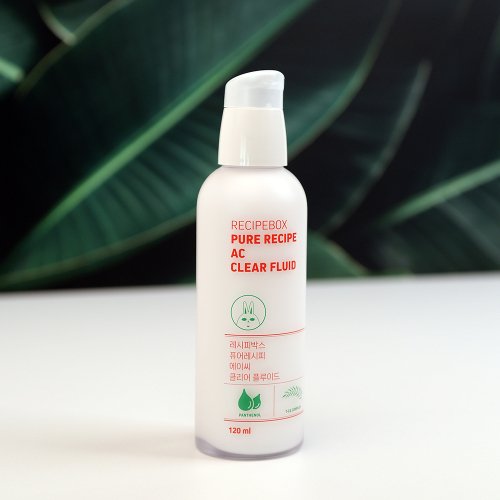 RECIPEBOX Youth hypoallergenic moisture soothing fluid 120m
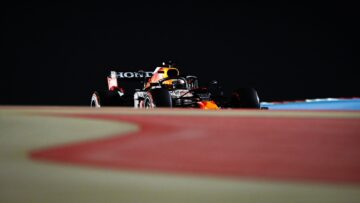 Qualifying results from 2021 F1 Bahrain GP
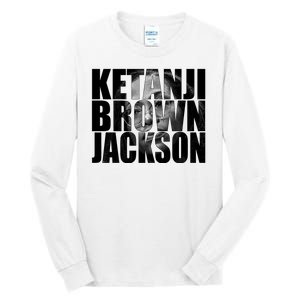 Ketanji Brown Jackson Supreme Court Justice Tall Long Sleeve T-Shirt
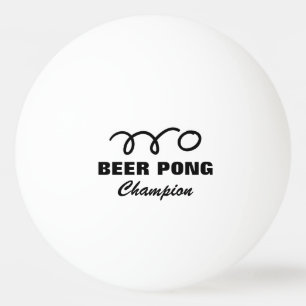 Pro bierpongkampioen pongballen pingpongballen
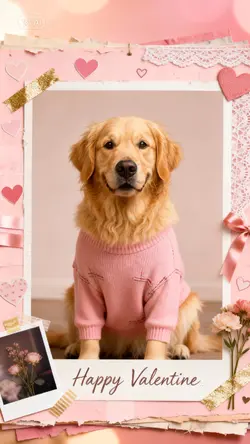 pet valentine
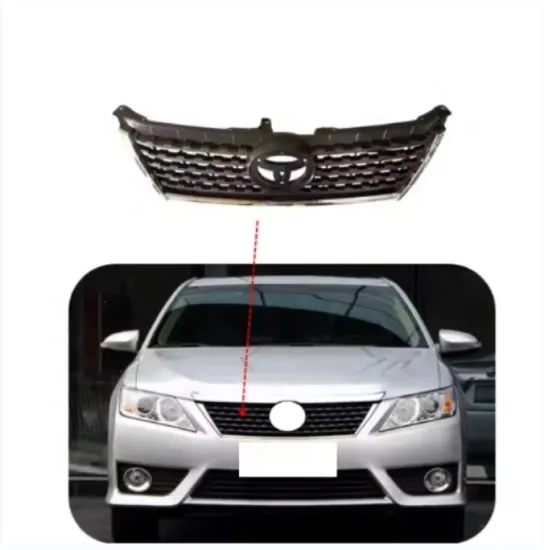 Front Bumper Grille Compatible with Toyota Camry 2011-2015 - OE Number 53101-06460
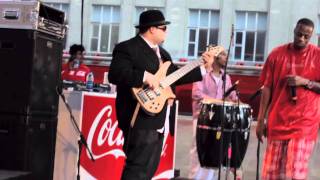 Kardinal Offishall Performance at Dundas Square for Coca Cola 125th Anniversary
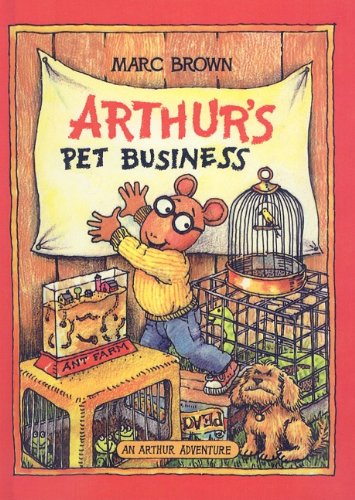 9780780722217: Arthur's Pet Business (Arthur Adventures (Pb))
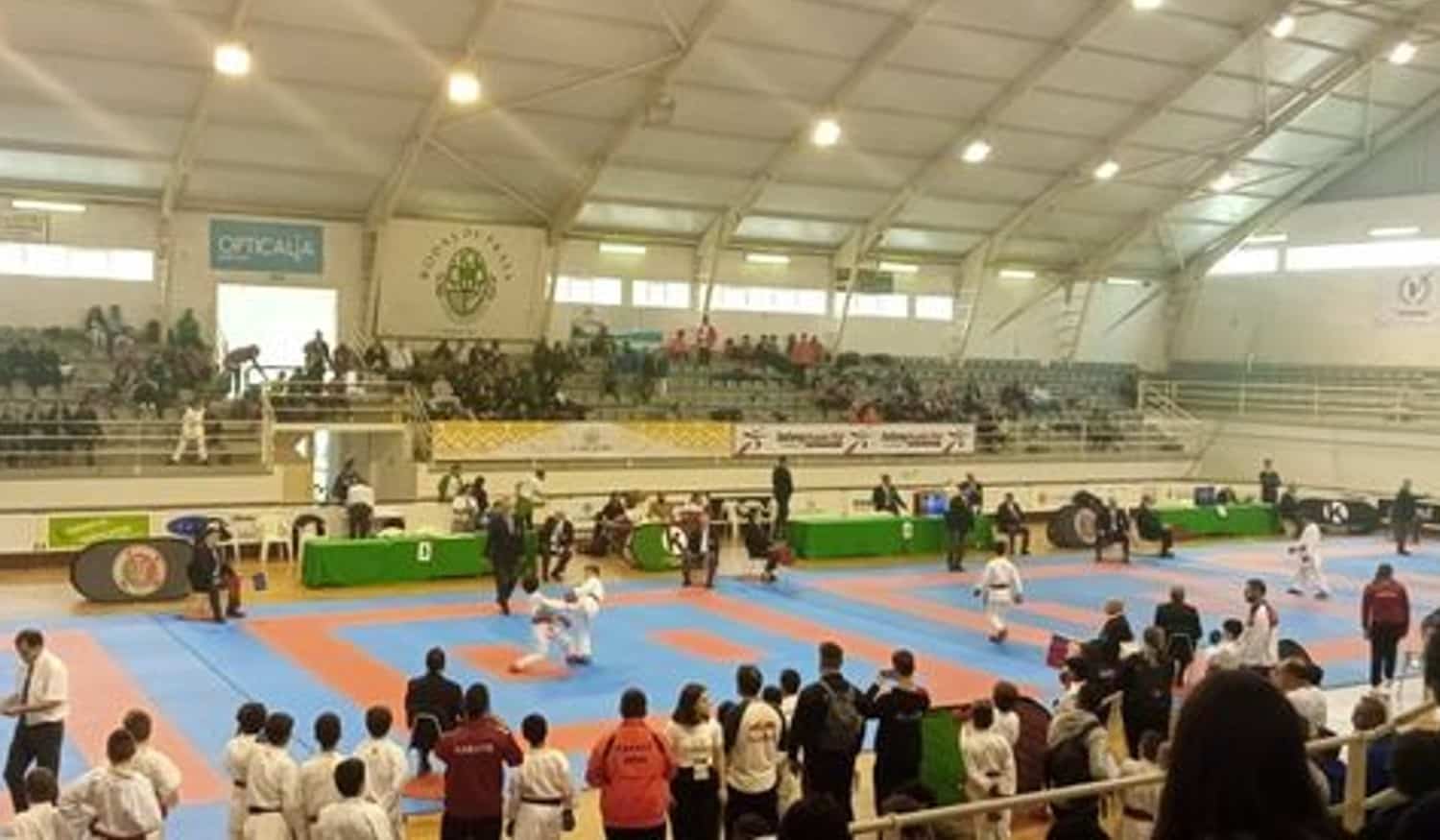 Atletas do ADP Karate Penafiel conquistaram lugares no pódio do V Open da Mealhada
::::::
## [WORK INSTRUCTION]
Extract the run of lines beginning with the line that holds "9780780722217: Arthur's Pet" and ending at the last line of the data, inclusive. Exclude any pictures from the copy.

## [EXERCISE RESULT]
 9780780722217: Arthur's Pet Business (Arthur Adventures (Pb))
 Atletas do ADP Karate Penafiel conquistaram lugares no pódio do V Open da Mealhada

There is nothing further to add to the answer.